My opponent played Molly Squidpiddge, a journalist who died and was then later resurrected. She is of the Resurrectionist faction, and her keyword is Forgotten. Her minions are mostly undead, though she has some mechanical minions to hurt or heal at her whim.

Turn 1

In the picture above, my crew is at the bottom left, and my opponent is at the top right.

The league organizer had set the second game with the following settings:

Formation: Flank — the battlefield is split into quarters. The attacker chooses one corner, the opponent the opposite one. Models must be placed within 9″ of the edge of the battlefield, forcing the deployment into a sort of “L” shape.

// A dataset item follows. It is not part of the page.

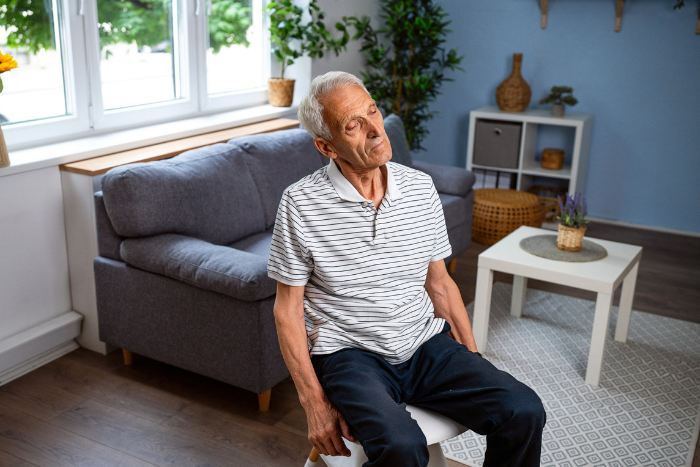 Esercizi di ginnastica dolce per anziani in piedi e seduti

Strategy: Stuff the Ballots — we are voting for which faction shall rule Malifaux, and so we gain points whenever we have control of more ballot boxes (determined by which faction has more ballots in it) than our opponent. Once there are six ballots total in the box, it is emptied and the ballot box becomes uncontrolled.

Schemes: Power Ritual, Take Prisoner, Information Overload, Death Beds, Hold Up Their Forces. We gain points whenever one of our schemes succeeds. Players choose two from this pool and keep them secret. I chose Power Ritual — drop scheme markers in the far corners of the battlefield, and Information Overload — have more scheme markers on the opponent’s side of the board than they have on yours. My opponent chose Death Beds and Hold Up Their Forces.

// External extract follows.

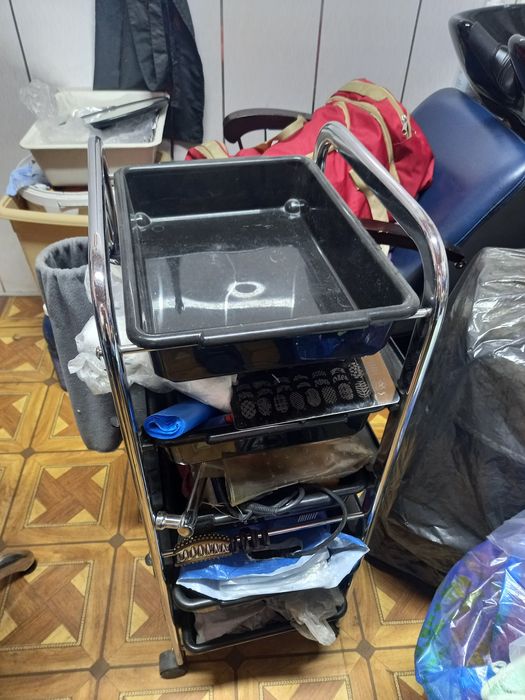 Кресло,оборудование парикмахер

Points are not gained by killing enemy units (unless the strategy or scheme says so), but, of course, killing your opponent’s crew inhibits their ability to fulfill their schemes. My first turn focused on getting units headed toward ballot boxes; my crew’s mobility planted a tank unit (Metal Golem) right in the center, and it used that position to take down some of Molly’s weaker units. (But being Resurrectionists, one Came Back).

Move Two we both gained points from ballot stuffing. With my tank units in control of enough boxes, I focused on dropping scheme markers for Information Overload. I was under a little too much battle stress to get too many Power Ritual points, though I did pick up a couple in moves Three and Four. We didn’t finish move Five, as it was clear I could both deny my opponent a couple points from Hold Up Their Forces, while taking control of another ballot box for Stuff the Ballots. I was 5-4 at that time, and we probably would have both gotten two more points after discussion, so we ended it there.

League standings

So, I’m not a complete loser… any more.

I’ve committed to playing Mei Feng, Foreman through to the end of the league and the following tournament in October. For winter, though, I am probably moving to December. Ice golems. Pillars of ice. Blizzards. Brrr.